HDA PySTAC-Client Introduction - DEDL Notebook Gallery

🚀 Launch in JupyterHub

This notebook shows the basic use of DestinE Data Lake Harmonised Data Access using pystac-client. It will include iterating through Collections and Items, and perform simple spatio-temporal searches.

Obtain DEDL Access Token to use the HDA service¶

pip install --quiet --upgrade destinelab

Note: you may need to restart the kernel to use updated packages.

import requests
import json
import os
from getpass import getpass
import destinelab as deauth

DESP_USERNAME = input("Please input your DESP username or email: ")
DESP_PASSWORD = getpass("Please input your DESP password: ")

auth = deauth.AuthHandler(DESP_USERNAME, DESP_PASSWORD)
access_token = auth.get_token()
if access_token is not None:
    print("DEDL/DESP Access Token Obtained Successfully")
else:
    print("Failed to Obtain DEDL/DESP Access Token")

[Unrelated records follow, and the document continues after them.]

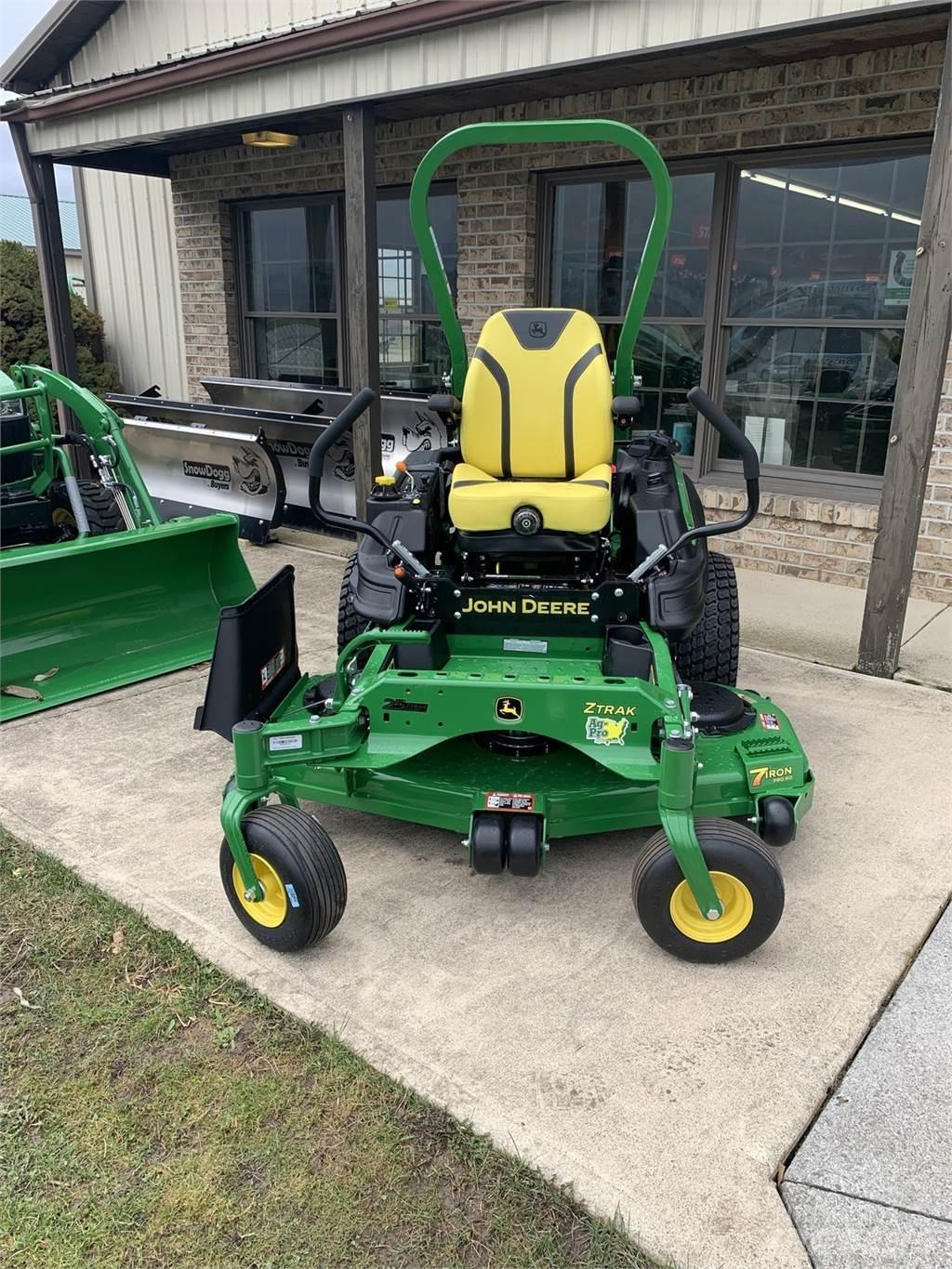 John Deere Z930M 零迴轉割草機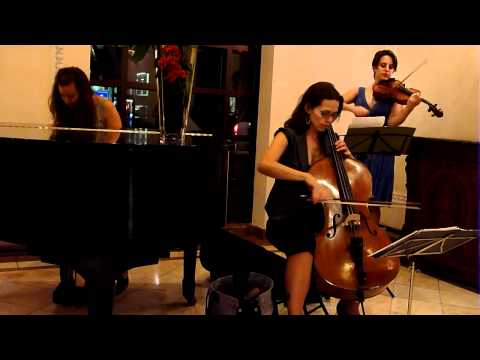 Lenni Jabour - Lonely Prince @ Sutton Place Hotel (HD)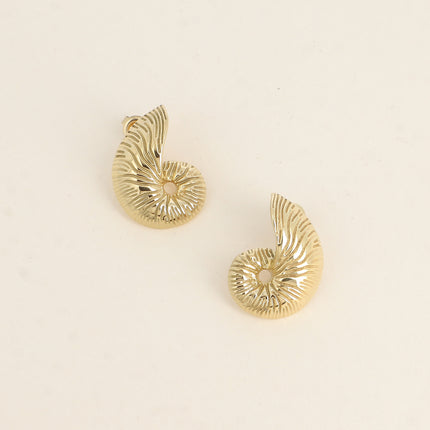 Boucles puces Alina - motif coquillage texturé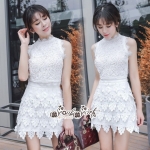 เสื้อแขนกุดสีขาวเนื้อผ้าทอลายลูกไม้โปร่ง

auth_headers = {"Authorization": f"Bearer {access_token}"}

Please input your DESP username or email:  eum-dedl-user
Please input your DESP password:  ········

Response code: 200
DEDL/DESP Access Token Obtained Successfully

Set username and password as environment variables to be used for DEDL data access¶

import os

os.environ["EODAG__DEDL__AUTH__CREDENTIALS__USERNAME"] = DESP_USERNAME
os.environ["EODAG__DEDL__AUTH__CREDENTIALS__PASSWORD"] = DESP_PASSWORD

Create pystac client object for HDA STAC API¶

We first connect to an API by retrieving the root catalog, or landing page, of the API with the Client.open function.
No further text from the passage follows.